Sante Notarnicola e l' Evasione Impossibile



I detenuti comuni, gli sbandati, i ribelli senza speranza, 
noi ve li ritorneremo con una coscienza rivoluzionaria. 
Questo è il mio impegno, questo è il vostro errore.

Dichiarazione di Sante Notarnicola  al  processo d’appello.   Milano, dicembre 1971.

Voglio usare brevemente del diritto alla parola, per chiarire il mio atteggiamento, non solo quello precedente al mio arresto, ma anche quello attuale nel carcere e in  quest’aula.  Anzitutto dichiaro sinceramente che non mi toccano né la condanna che mi darete né la descrizione che è stata fatta di me in questo luogo e altrove. Entrambe riflettono il modo di pensare e di giudicare, proprio della mentalità della classe dominante. Questa vede in me un suo nemico, e non può darmi né comprensione né giustizia che io non chiedo. Essa colpisce me attribuendomi quella criminalità, quella violenza, quella avidità che sono le sue stesse caratteristiche. Mi si indica come esempio del Male, mentre io non sono altro che un prodotto di questa società borghese corrotta e malvagia.
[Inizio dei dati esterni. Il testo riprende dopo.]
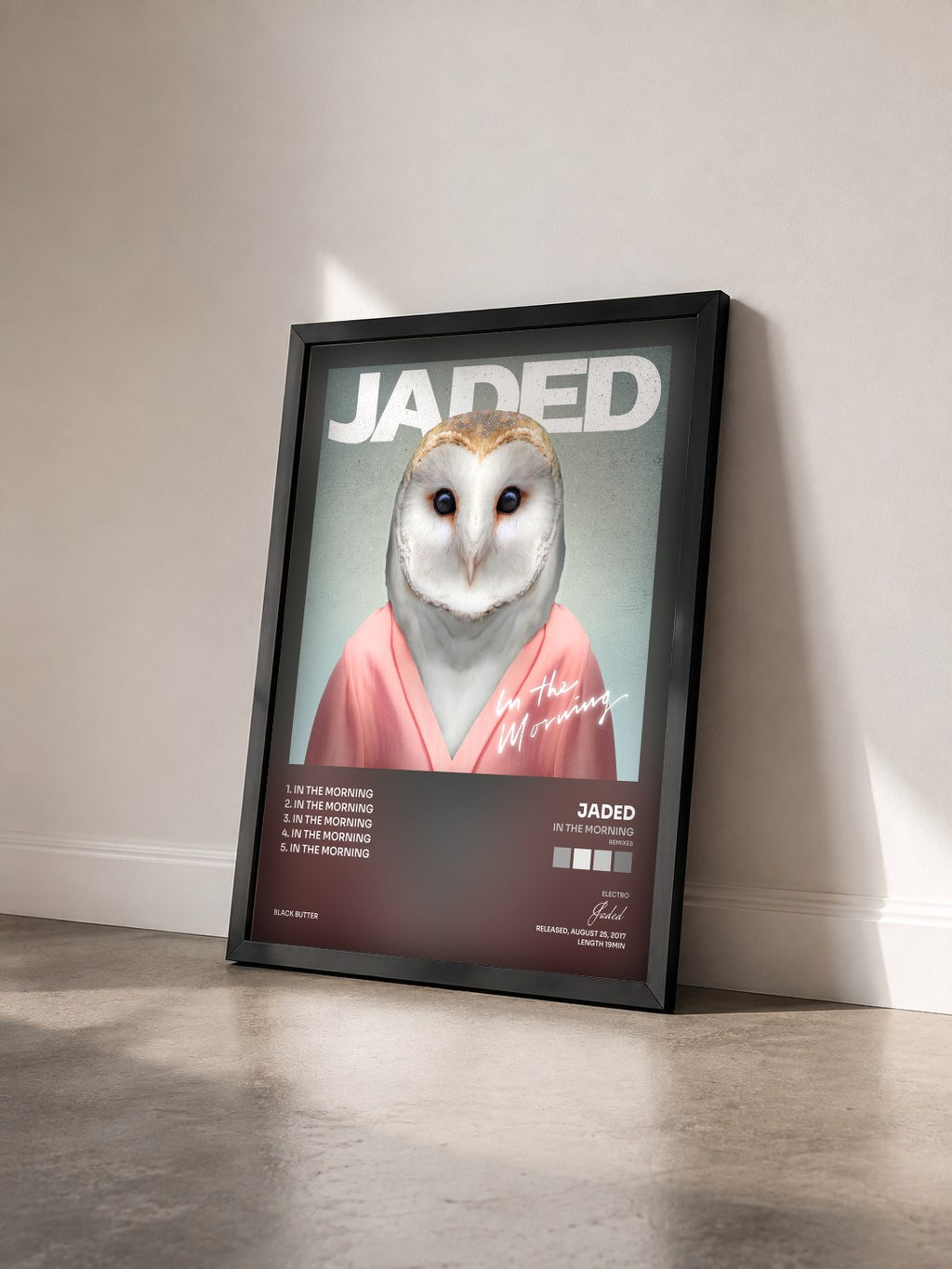 #noir Tableau de l'album In the Morning (Remixes) de Jaded vu de trois quarts, cadre noir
Questa società che pone come unica alternativa lo sfruttamento legalizzato: il carcere. Se io sono un criminale, e lo nego apertamente, sono esattamente quale voi mi avete fatto. La criminalità è roba vostra! Essa è prodotta e riprodotta continuamente, inevitabilmente, deliberatamente, dalla società classista, nell’interesse delle classi dominanti. La criminalità consiste nella egoistica ricerca del profitto e del successo ad ogni costo, nella sopraffazione dei deboli, nello sfruttamento, e tutto ciò è roba vostra. Consiste nell’accettare il carcere diventando dei delatori, degli opportunisti, dei ruffiani per ottenere privilegi, concessioni, libertà anticipata, calpestando i compagni di pena, ingannando l’opinione pubblica, con falsi pentimenti, tradendo tutto e tutti e prima ancora se stessi. Io rifiuto tutto questo, anche se questo rifiuto mi costerà caro.

Sappiate anche questo quando mi condannerete. Non sono mai stato un criminale e non lo sono tutt’ora, faccio questa dichiarazione in tutta serenità ben sapendo il danno che me ne verrà, le difficoltà che dovrò superare e la repressione che essa mi scatenerà contro da parte dell’apparato punitivo. Questo mio atteggiamento è coerente a tutto il mio passato sino a questo istante e per coerenza alla mia scelta iniziale, che è quella della rivolta contro il sistema borghese, io debbo avvertirvi che nonostante tutta la  buona volontà della istituzione carceraria, ogni tipo di trattamento rieducativo non riuscirà a fare di me quello che si propone di fare per ogni detenuto: distruggere ogni dignità, ogni coscienza, ogni qualità, sino alla totale repressione psicologica, quella del criminale borghese. Sarò sempre, e stavolta nel modo migliore, più giusto, più difficile, un comunista, un rivoluzionario. E per la logica repressiva inevitabilmente 
dovrò pagare sino in fondo per questa mia decisione.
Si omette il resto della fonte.